Our Norwegian jetliner took us to Schipol---the big airport just outside Amsterdam. As soon as we landed I started taking snapshots of everything written in Dutch. I had to catch up to Red several times walking through the terminal, but I got distracted with my iPhone.
We navigated from the big airport terminal into the adjacent train station, modern with a massive high ceiling over a dozen escalator portals down to the trains below. We both purchased countrywide passes for the Netherlands---good for all trains within the country, as well as local trams and buses. I put a hundred euros on mine, and expected I would use it all up by the time we left.
Nevertheless we managed to screw up our first train ride. I went down the wrong escalator at first, and also managed to use my new electronic train pass to both check-in and then checkout, so that when the conductor finally came through the train, as we were approaching Amsterdam in the dark of early evening, she told him I had screwed up.
"You've certainly got enough on the card," she said, almost impressed by my purchase. A half hour we were navigating out of the central train station, in the thick of the old city.
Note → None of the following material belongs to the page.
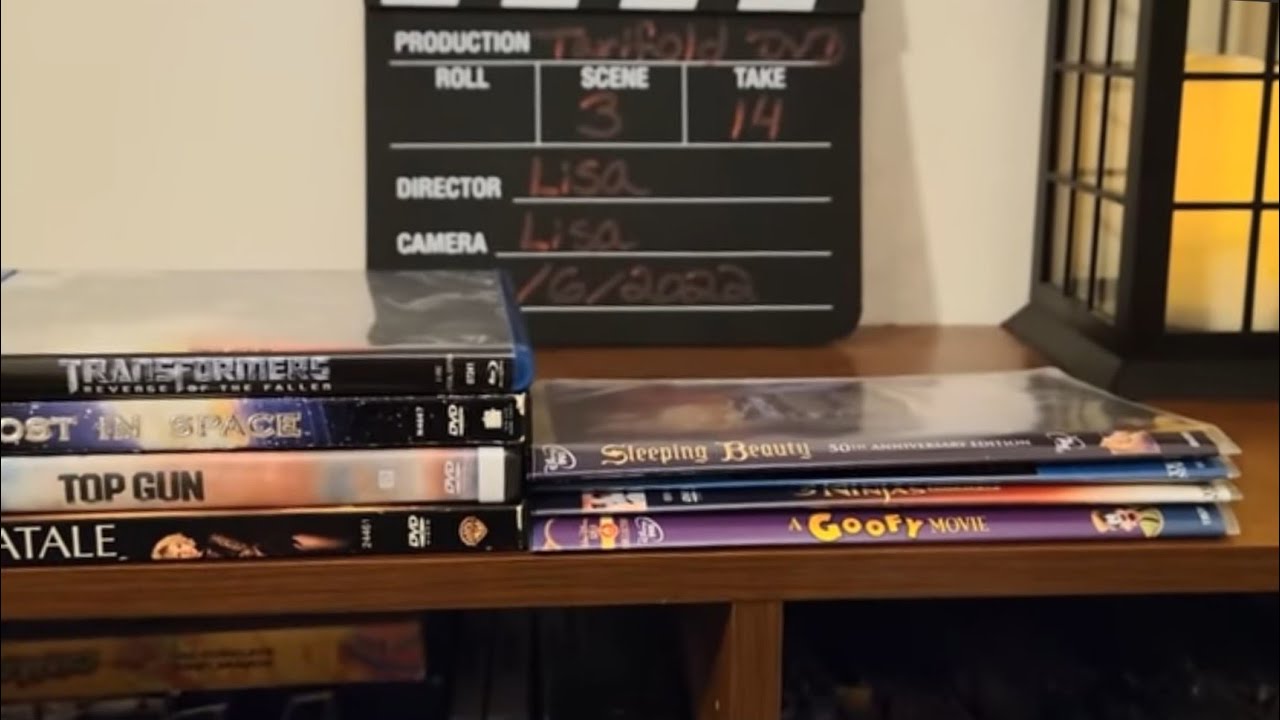 Tarifold DVD booklet sleeves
Later (when we were in Rotterdam, in fact, and overheard a Serbian woman having a meltdown to her friend in the next room) I told Red about a time when I was twenty that I was at the same station in Amsterdam, with my old backpack. That time in order to fend off all the people approaching me and asking if I spoke English, with the intention of pitching me something, I went to the kiosk that sold international newspapers and purchased the one from Belgrade, printed in the Cyrillic of the Serbian language. I held it up in front of me, as if reading it---a defensive shield within the intense public space. Now it was full circle.